そんな47歳、平凡なサラリーマンの狛江はリストラを見越した左遷で、本社勤務から北九州へ単身赴任となる。業績を上げないと首を切られる状況の中、今までのやり方は全て空振りに終わり、新たに踏み入れたのは借金地獄と本場北九州ヤクザの世界。

毎日毎日目が覚めるたびに借金が増えてて、支店長という彼の立場は危ういものになり、禁酒禁煙はいつの間にか解かれ、犯罪に巻き込まれ、体もボロボロになっていくのだけれど、なぜか狛江自身はそれらに鍛えられてか日に日に強くたくましくなり、半ばヤケのやんぱちではあるけれど降り掛かる様々な問題に屈せず修羅場をくぐり抜けて行く。

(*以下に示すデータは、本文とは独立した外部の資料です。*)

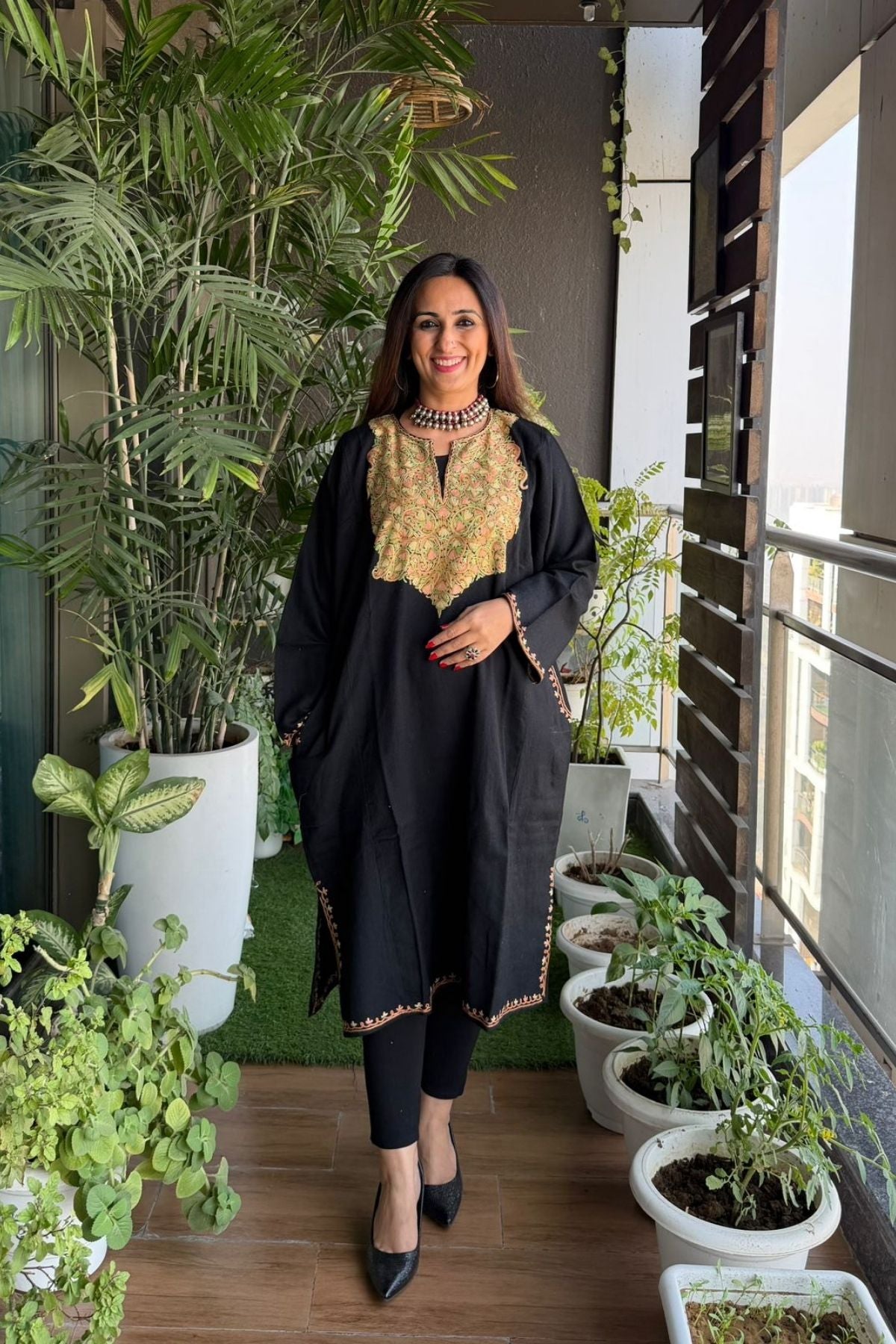 Woollen Kashmiri Phiran with Aari work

ヤクザの世界に足をいつの間にか踏み入れ、状況に流され従わされていく狛江が、朝になるとまたネクタイをしめて会社に出掛けて行くところが何とも可笑しい。
誰にも相手にされなかったダメな中年サラリーマンが自分と自信を取り戻していく様は、毎朝通勤時にこの本を読みながらとても元気をもらった。(あまりに悲惨なので「狛江さんよりはまだまし。」と『マイ・ライフ・アズ・ア・ドッグ』のように思った。)

この小説を読んだ後、文春「本の話」9月号に寄せられた著者の「正論の時代にむけて」を改めて読んだ。終始ドタバタしてちょっと笑えるこの小説の裏の、著者の本当に描きたかったことが語られています。必見。